## EXERCISE INSTRUCTIONS
Using the listing below, reproduce exactly the lines from the one with "Unterschätze niemals einen" through the last, with all pictures left out.

## STORED DATA

※ ※ ※

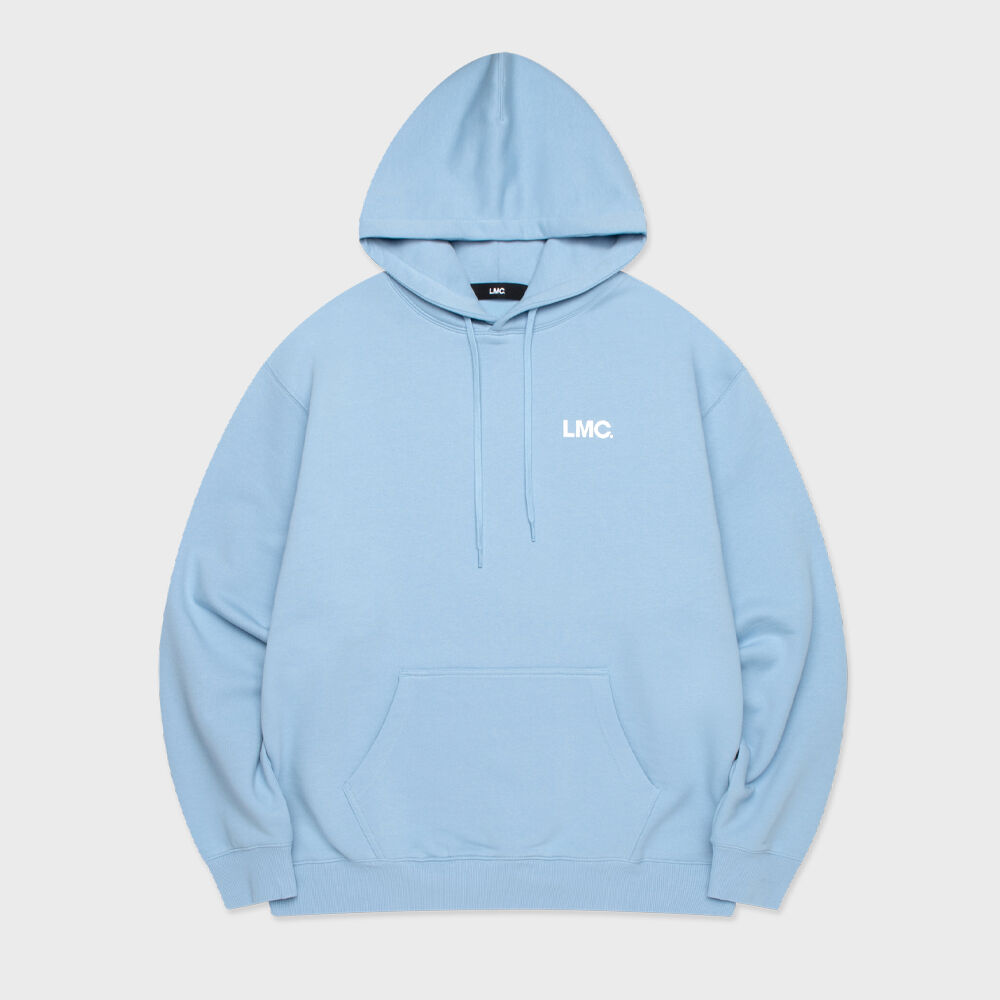 ★LMC★ BLUR SERIF HOODIE light heather gray MUSINSA | LMC BLUR SERIF HOODIE light heather gray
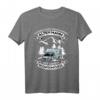 Unterschätze niemals einen alten Mann mit Wohnmobil T-Shirt – Lustiges Geschenk für Camper, Väter & Dauercamper zum Geburtstag & Weihnachten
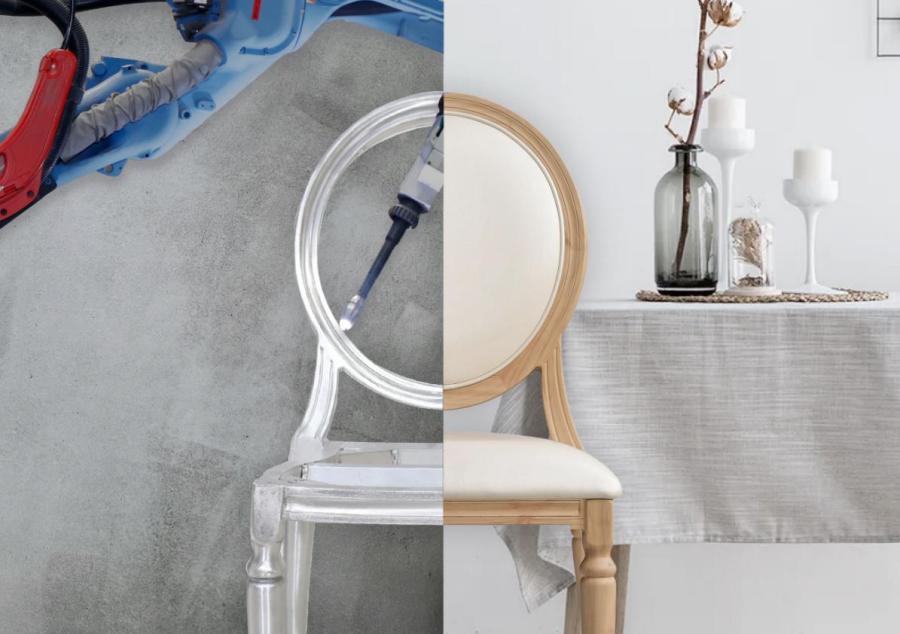 Vîdyoyek herî germ li ser YouTube-ê di derbarê nirxa aborî ya Metal Wood Grain Chair de 2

※ ※ ※

## WRITTEN RESPONSE
 Unterschätze niemals einen alten Mann mit Wohnmobil T-Shirt – Lustiges Geschenk für Camper, Väter & Dauercamper zum Geburtstag & Weihnachten
 Vîdyoyek herî germ li ser YouTube-ê di derbarê nirxa aborî ya Metal Wood Grain Chair de 2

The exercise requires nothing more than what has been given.